Afallardı muhtemelen!
Anlatması da anlaması da zor şey. Çok insan var birbirleriyle didişiyorlar, fitne çıkarıyor, kan döküyorlar, asayişi huzuru bozuyorlar… Kısacık ömürleri olduğu halde sanki burada ölmeyecekmiş gibi yatırım yapıyor, yüksek yüksek binalar dikiyor, arabalar uçaklarla dünyada geziyorlar…
Aya bile araç gönderdiler!
Bilir misin şimdilerde Gazze denen bir yerde Yahudiler kadın çocuk ihtiyar demeden savunmasız insanların üzerlerine bomba yağdırıyor, ölüm kusuyorlar, nefret kusuyorlar, kin kusuyorlar…
Çok büyük ekseret olanlara duyarsızca seyrediyor kimi büyük devletler zalimlere destek bile çıkıyor, yardım ediyor dense; muhtemelen o çocuk gözyaşlarına boğulurdu!
9 ayla 90 yıl arasında ne fark var?
9 ay cenin hayat sonsuzluğun yanında 90 yıl da cenin hayat. Öte hayat, sonsuz hayat, mükâfat ve ceza görülecek mekânlar, kaç duraktan kaç elekten geçildikten sonra mükâfat yeri sonsuz cennete erişilecek… Cenin çocuğa denildiği gibi sen de bunun içindesin denilse ne der ne diyoruz; gözümüz kapalı idrakimiz kapalı, bir adım sonrası çukuru görmüyor ona göre tedbir almıyoruz!
Adaletin geçekleşeceği bir yer olmalı hatta boynuzlu koyunun boynuzsuz koyunla hesaplaşacağı bir yer!
Kamu malını zayi edenlerin, özel mülkiyete zarar verenlerin, huzur bozanların, camiye edepsizce davrananların, mukaddesata saldıranların hesap sorulacağı bir yer, elin ayağın konuşacağı, hiçbir şeyin gizli kalmayacağı, bütün maskelerin düşeceği, üryan gerçekliğin gerçek olacağı bir yer…
90 dakikanın kaçıncı dakikasındayız? Düdüğün çalmasına ne an kaldı yoksa uzatmaları mı oynuyoruz bunda uzatma da yok mu; bir saniye, bir an olsa?

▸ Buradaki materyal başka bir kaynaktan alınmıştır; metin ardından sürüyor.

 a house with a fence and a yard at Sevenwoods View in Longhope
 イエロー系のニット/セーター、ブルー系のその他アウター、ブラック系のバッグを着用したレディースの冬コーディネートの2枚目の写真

Onla oynuyor bunla oynuyor kendimizi kandırıyor, aklımızı avutuyor vicdanımızı uyutuyor, hislerimizi ayartıyor, modern cahiliye içinde yaşıyoruz, hatta cenin çocuğun yapmayacağı şeyleri yapıyoruz!
Gözünü aç gönlünü temizle aynayı parlat; 9 ay 90 dakika 90 yıl geçici ve izafi zaman; gerçek zaman gerçek mekâna yatırım yap; hakikatle adaletle şefkatle bu dünyadan geç vesselam.